First:"STR" is a parameter transferred by updater-script when running switch.sh
Why do you say XT720 is detected as "STR"?Does the phone itself will detect it is which device when switch.sh is running?
I re-checked and you're right. I was remembering a different step where it runs "/system/persistent/orbootstrap/utils/install.%s.btsh" and the %s is detected. I think that is always install.mapphone_umts.rc. The STR is selected when you run the OpenRecovery install.sh, so it's not probed. Sorry for incorrect info.
Second:How does the OpenRecovery works? I've reviewed install_script.sh under directory orbootstrap. I don't understand why it can “hijack” boot procedure when reboot. Someone said it utilized a defect of XT720's recovery.

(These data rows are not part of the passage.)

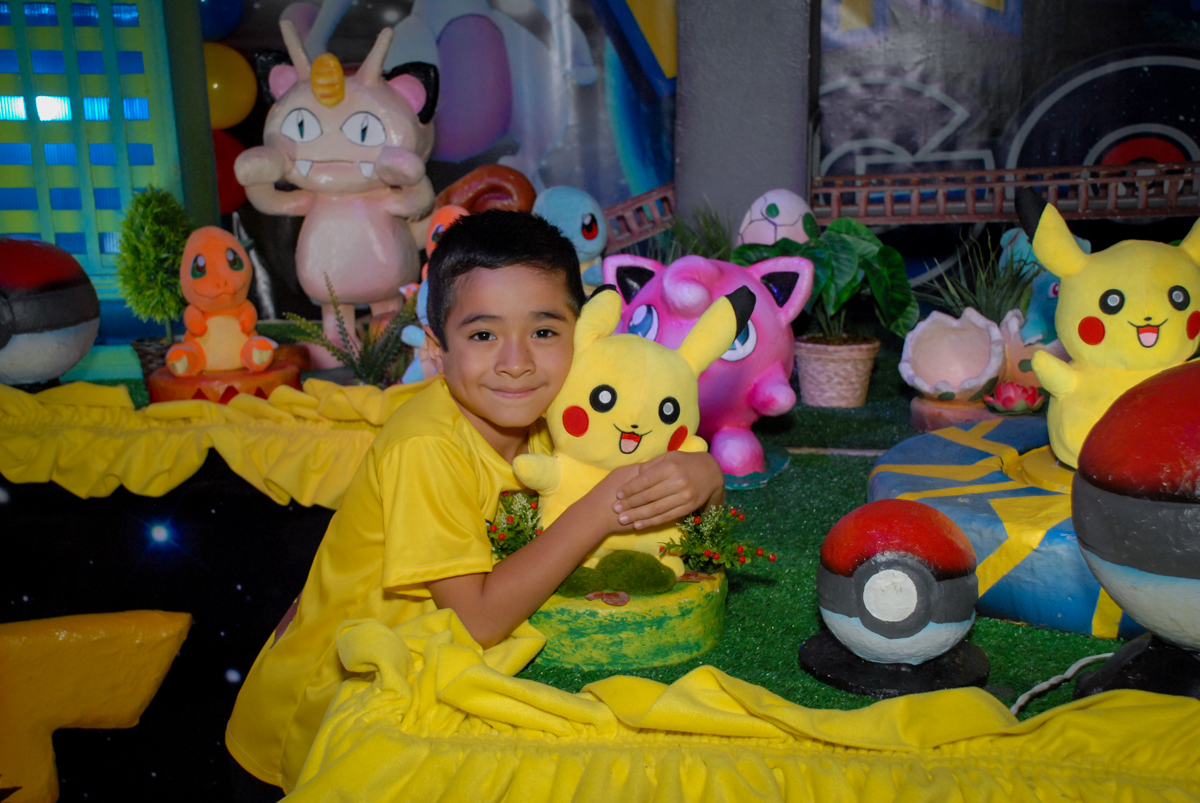 pose-para-foto-no-buffet-planeta-kids-lapa-são-paulo-sp-fotografia-filmagem-infantil-aniversário-rafael-7-anos-tema-da-festa-pokemon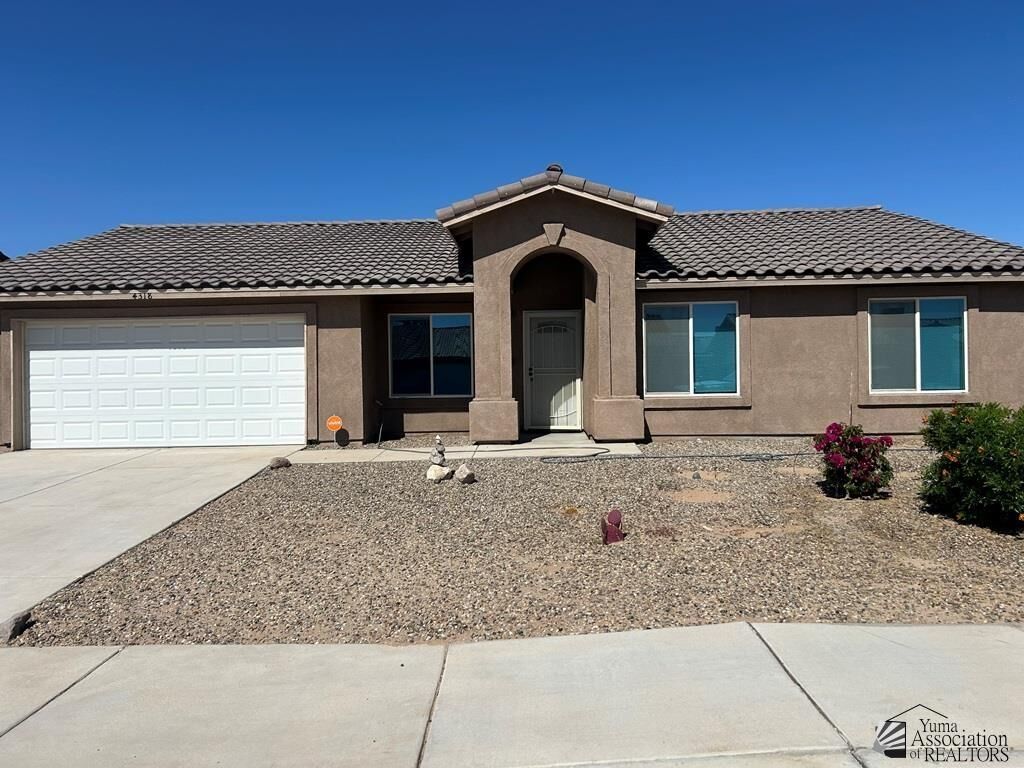 Property Photo: 4318 S Desert Willow Way AZ 85365
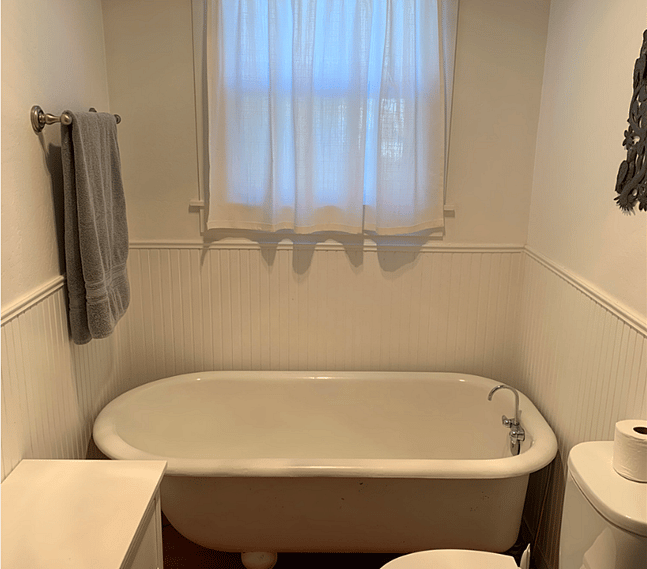 The bath tub in this full bathroom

The hijack is done in /system/bin/sh
Basically if you look at /init.mapphone_umts.rc, very early in boot it runs a script called /init_prep_keypad.sh. init_prep_keypad.sh is a shell script that is run by /system/bin/sh (the first line of /init_prep_keypad.sh is #!/system/bin/sh, so /system/bin/sh is started to read the commands from /init_prep_keypad.sh). This is the first time during boot that anything from /system is executed (/system isn't signature checked). Skrilax_CZ's hijacked /system/bin/sh does the following things:
1. If the volume up key is down *or* /cache/.boot_to_or file is present it runs /system/persistent/orbootstrap/utils/install.mapphone_umts.btsh
2. (On my version) if volume down is pressed -- reboot to fastboot bootloader
3. Check if /system/bin/sh_hijack.sh exists, if so run that
4. Otherwise it just runs /init_prep_keypad.sh
/system/persistent/orbootstrap/utils/install.mapphone_umts.btsh defaults to "OpenRecovery Lite". If /sdcard/OpenRecovery.zip is available that is applied and it "switches" to full OpenRecovery.
/system/bin/sh_hijack.sh reconfigures the / filesystem (on XT720 and A853 usually just by copying the contents of /system/etc/rootfs) and eventually calls /system/bin/2nd-init which restarts /init. This is how we get around the signature check. The / filesystem comes from boot.img so we can't modify it. But it is read into RAM at boot and we can modify it in RAM once we have control.
The source for the hijacked sh is here:
http://gitorious.org/droid/openrecovery/blobs/master/src/bootable/open_recovery/btsh/main.c
There's a somewhat confusing description of what 2nd-init does by cvpcs here:
http://cvpcs.org/blog/2011-06-14/2nd-init._what_it_is_and_how_it_works
NOTE: which binary to hijack varies by phone--some hijack mot_boot_mode, some hijack logwrapper--it all depends on what the stock boot does. On Milestone A853, Milestone XT720 and Motoroi XT720, the sh-hijack is the correct one.
I hope that makes sense, but I may be too comfortable with it.
Third:The bootloader is not unlocked. Why can we flash custom roms such as 2.3.7 via OpenRecovery? Why bootloader not check signature?
/system is only check during the first boot after sbf flash of the system partition. The init_prep_keypad.sh script in particular can modify /system so signatures there can be quickly invalid under normal operation.
There's a lot of very good information about the bootloader security on
www.droid-developers.org
I also like this blog post by [mbm]
http://blog.opticaldelusion.org/2010/08/clearly-you-have-no-idea-what-efuse-is.html -- this is what cleared things up for me initially.
In the CDT partition table, partitions that are "type 1" are checked each boot, and "type 5" is only checked once immediately after sbf flash:
http://www.droid-developers.org/wiki/CDT_Milestone
I think that information about whether the type 5 partitions have been checked is stored in sp (CG41). Anyway, the take away message is boot.img is always checked, system.img is checked once and may be modified afterwards.